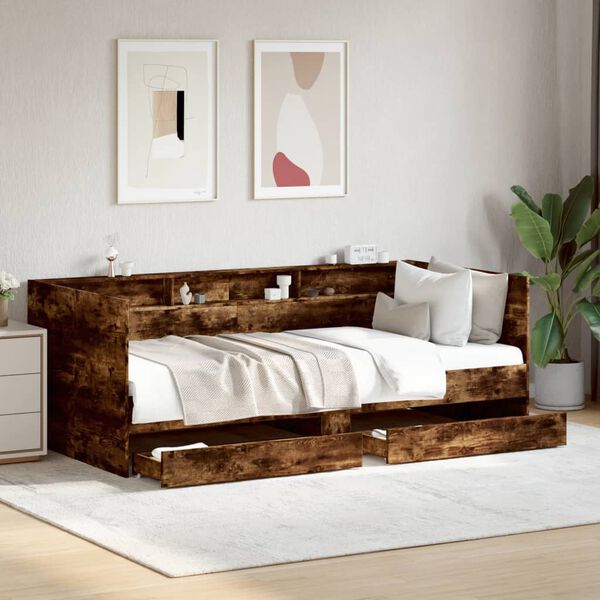 vidaXL Daybed with Drawers without Mattress Smoked Oak 75x190 cm Small Single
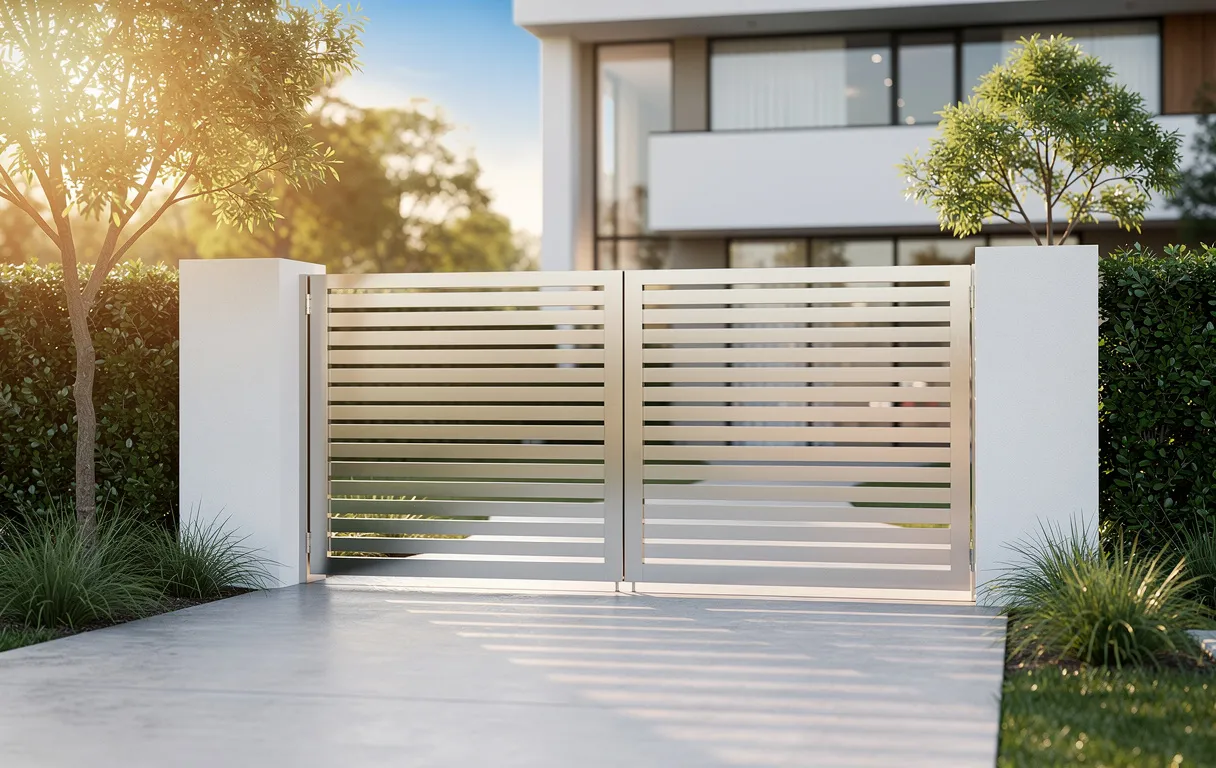 Un portail en aluminium moderne s’ouvre sur une maison contemporaine, baignée de lumière matinale et entourée de végétation.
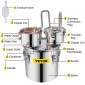 VEVOR Still Distiller 5Gal 21L από ανοξείδωτο ατσάλι Χάλκινος σωλήνας απόσταξης νερού με αντλία κυκλοφορίας Home Brewing Kit Ενσωματωμένο θερμόμετρο για DIY Whisky Wine Brandy Spirits
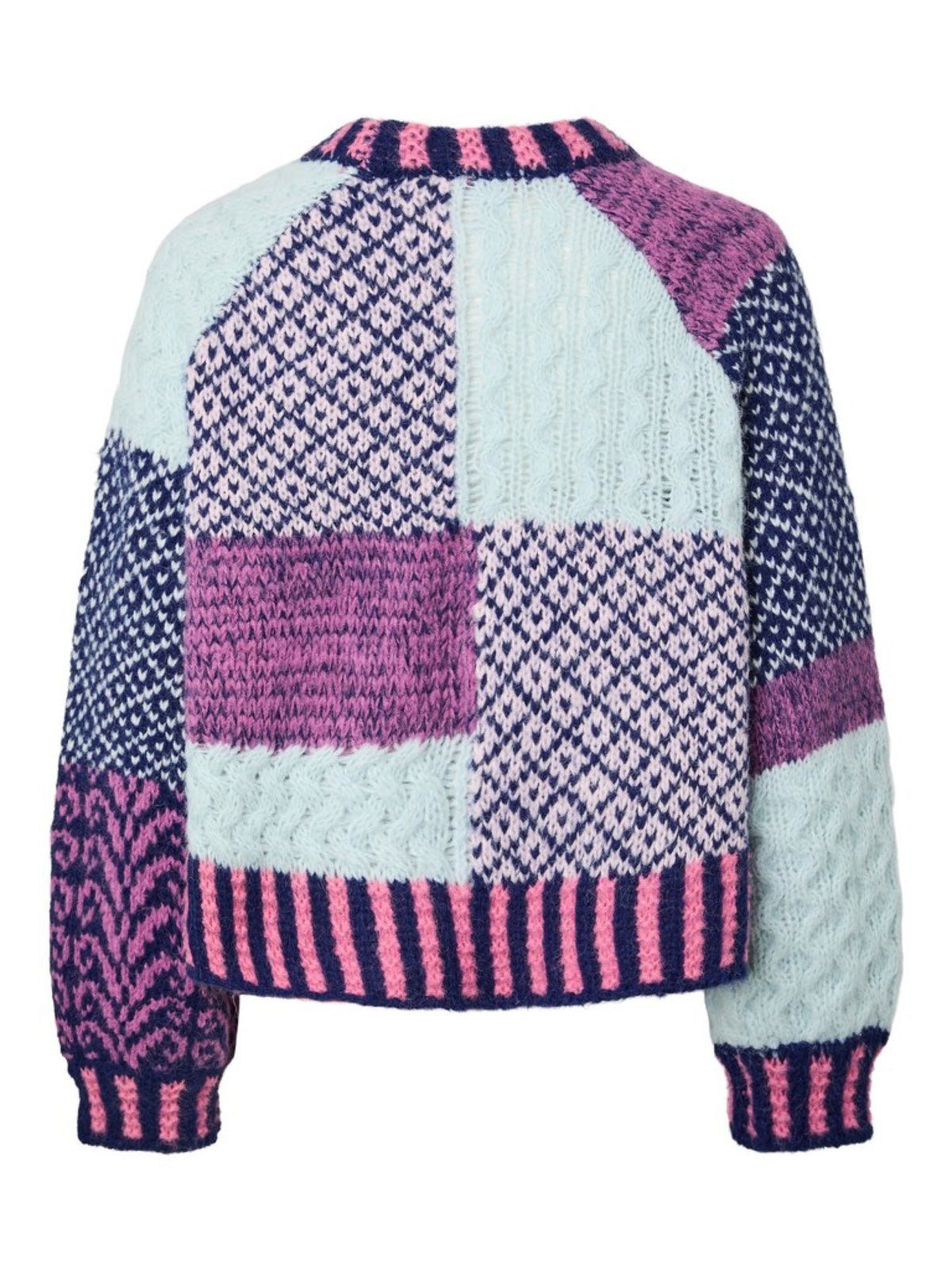 PCFUSION Pull oversize en grosse maille patchwork colorblock — Pieces — Sachet Pink — packshot 9 | Appart 17 Bruxelles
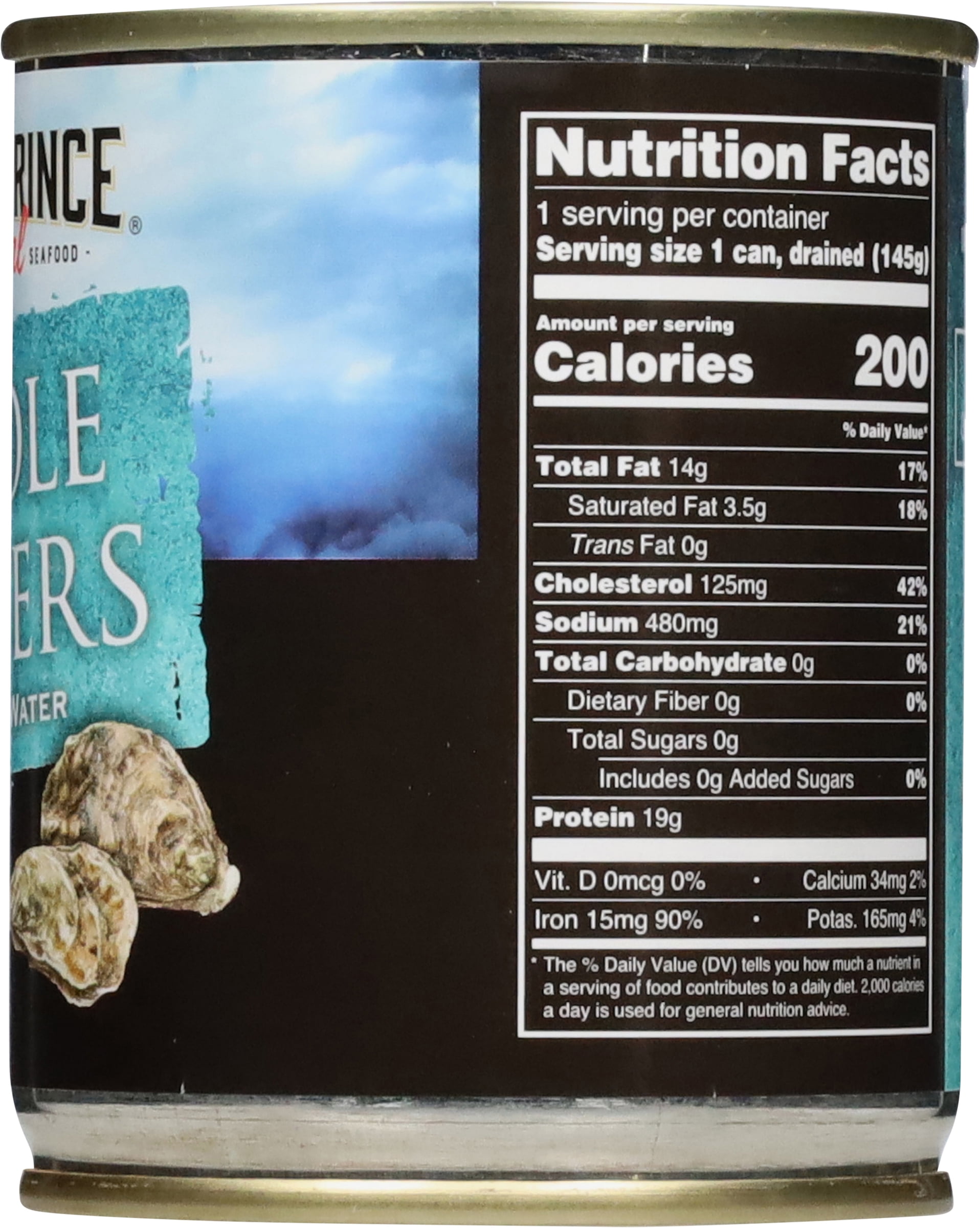 (2 pack) Crown Prince Natural Whole Oysters Packed in Water, 8 oz Can Non-GMO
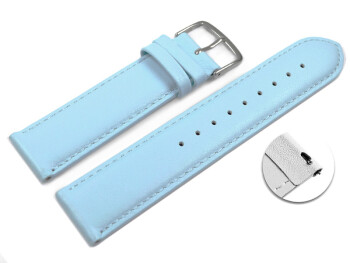 Schnellwechsel Uhrenarmband Eisblau glattes Leder leicht gepolstert 12mm Schwarz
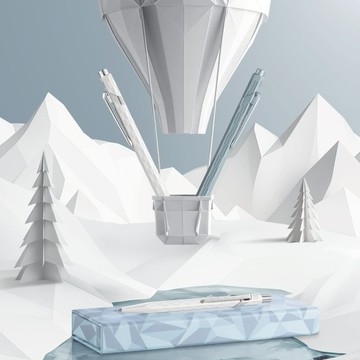 【卡達CARAN D'ACHE】2025聖誕特別版 Alpine Frost阿爾卑斯霜雪 849™自動鉛筆(0.5mm)-霜白/冰川藍【墊腳石】質感送禮精選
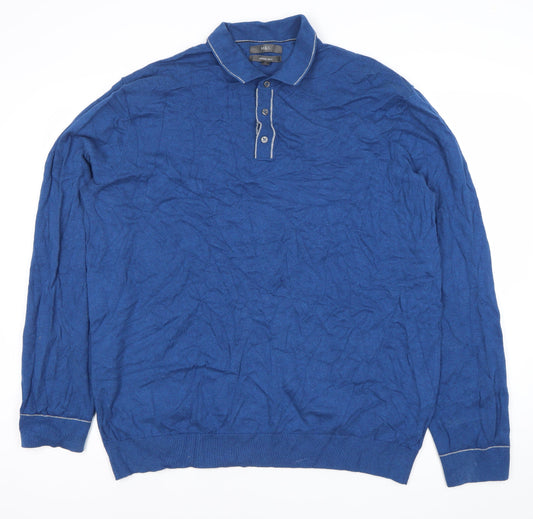 Marks and Spencer Men’s Blue 2XL Collared Henley Jumper Cotton Blend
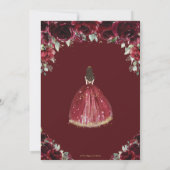 Invitation Chic Quinceañera Rich Bourgogne Rouge Floral Princ (Dos)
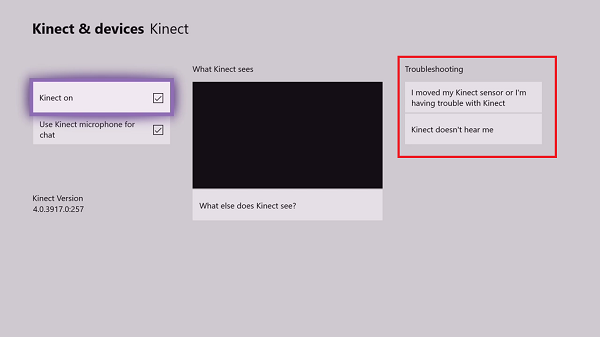 Vérifiez si Kinect est activé sur Xbox One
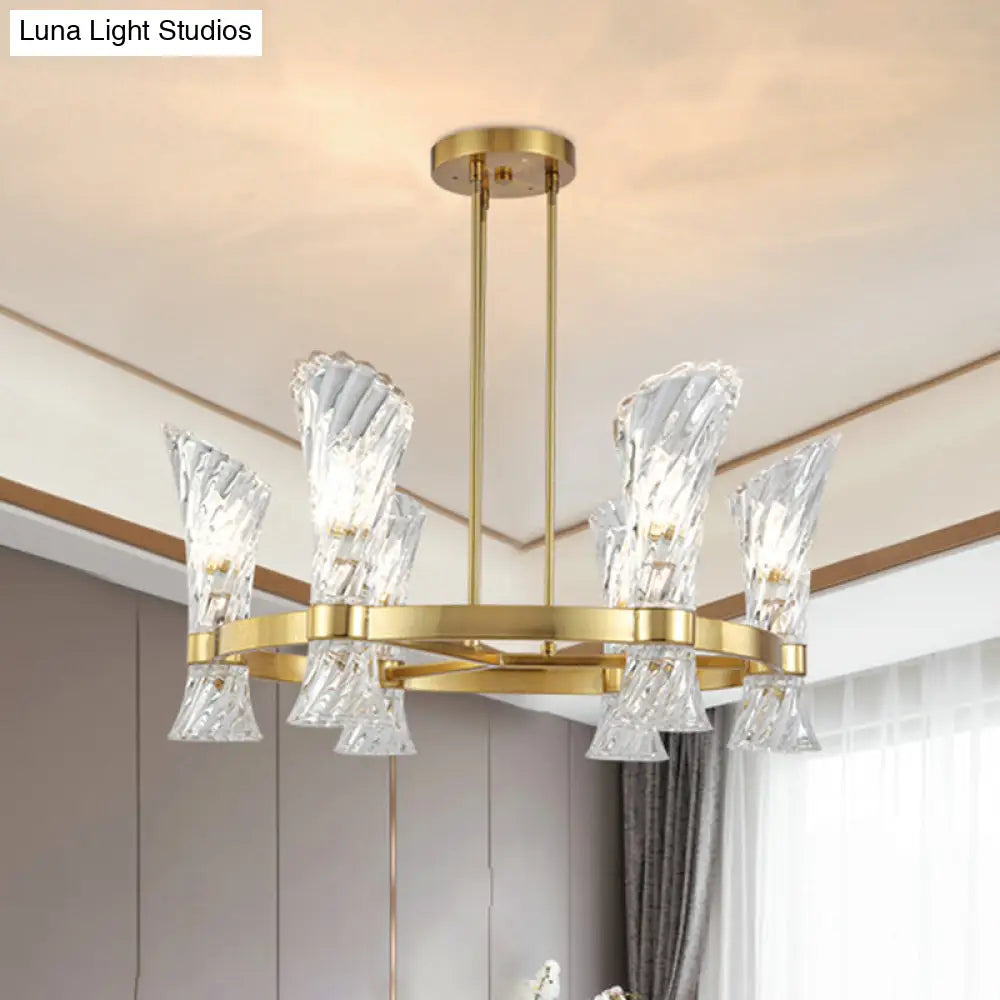 DecorBites™ DecorBites™ Modern Gold Metal 6-Light Semi Flush Ceiling Light with Crystal Twisted Shade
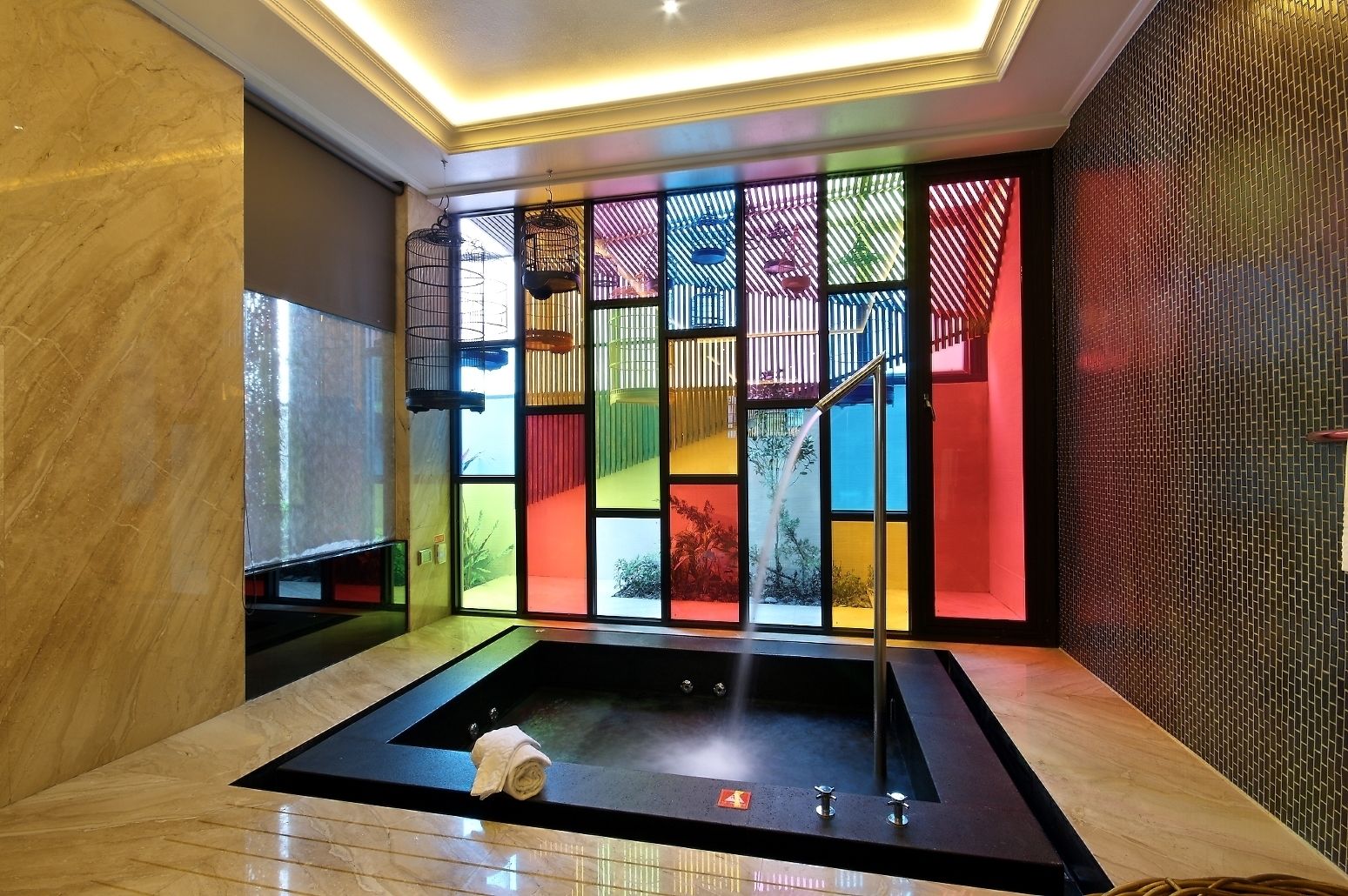 separate bathtub and shower, jetted bath, rainfall showerhead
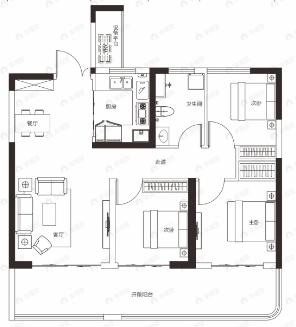 金沙湖高尔夫观邸3室2厅1卫户型图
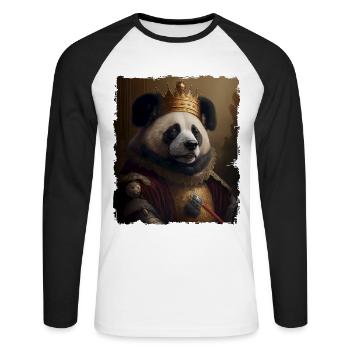 Renaissance Pet Portrait Giant Panda King Crown - Unisex Long Sleeve Baseball T-Shirt - white/black - Front - Nik (191cm)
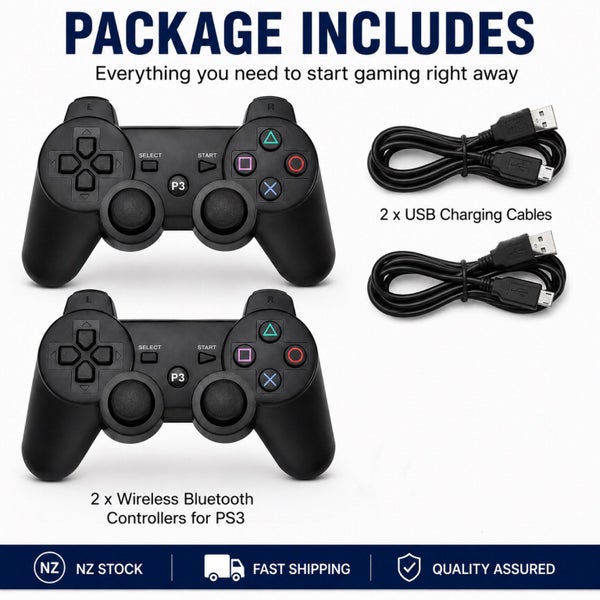 2 Pack Wireless PS3 Controllers Bluetooth Dual Shock Gamepads NZ Stock Carousel 3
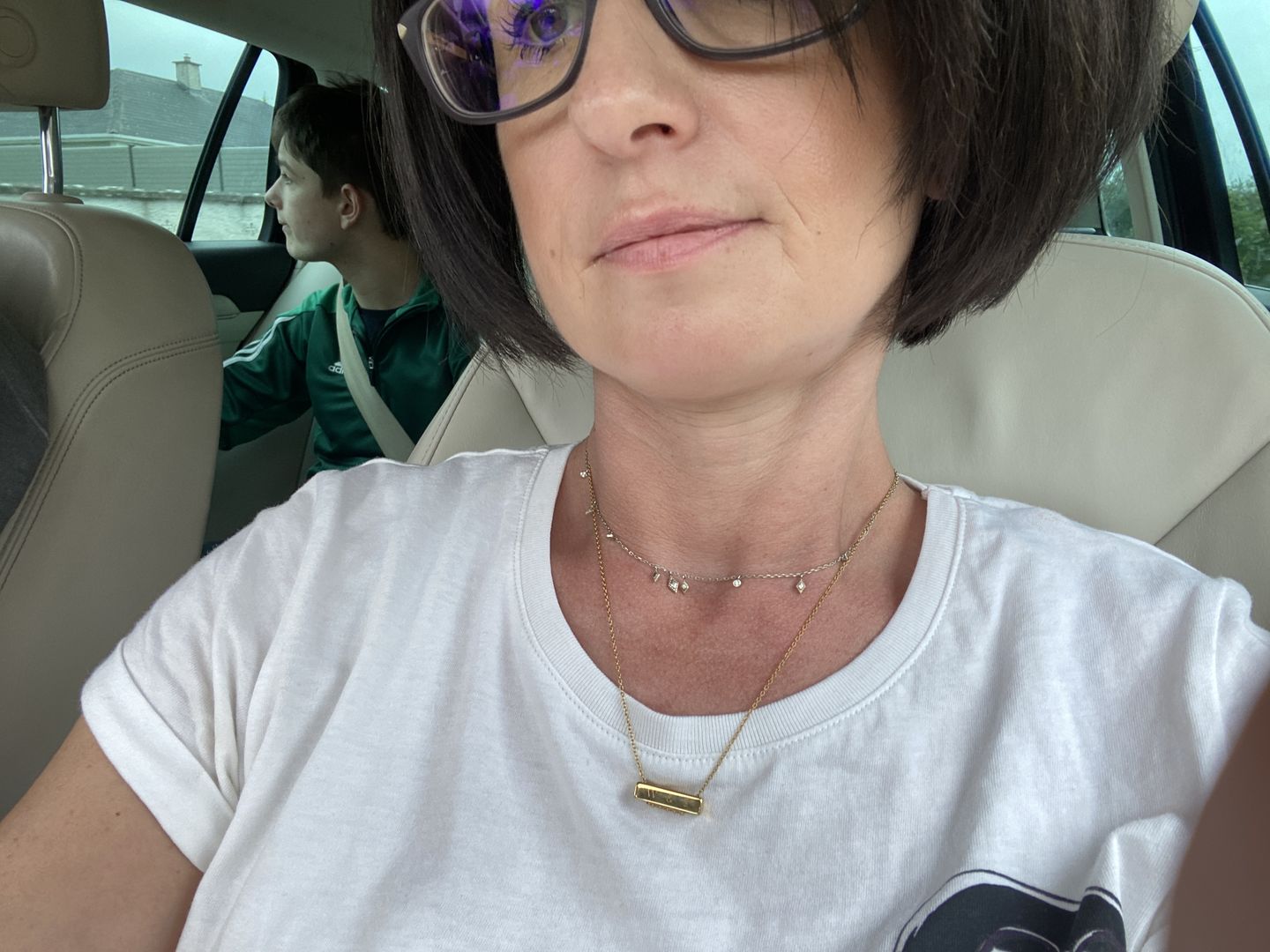 Customer photo review of 2cm Letter Bar Necklace Gold Horizontal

Work to complete: Copy out only the lines from the one containing "Renaissance Pet Portrait" to the end of the entries, unchanged. Drop the pictures.

Answer:
 Renaissance Pet Portrait Giant Panda King Crown - Unisex Long Sleeve Baseball T-Shirt - white/black - Front - Nik (191cm)
 2 Pack Wireless PS3 Controllers Bluetooth Dual Shock Gamepads NZ Stock Carousel 3
 Customer photo review of 2cm Letter Bar Necklace Gold Horizontal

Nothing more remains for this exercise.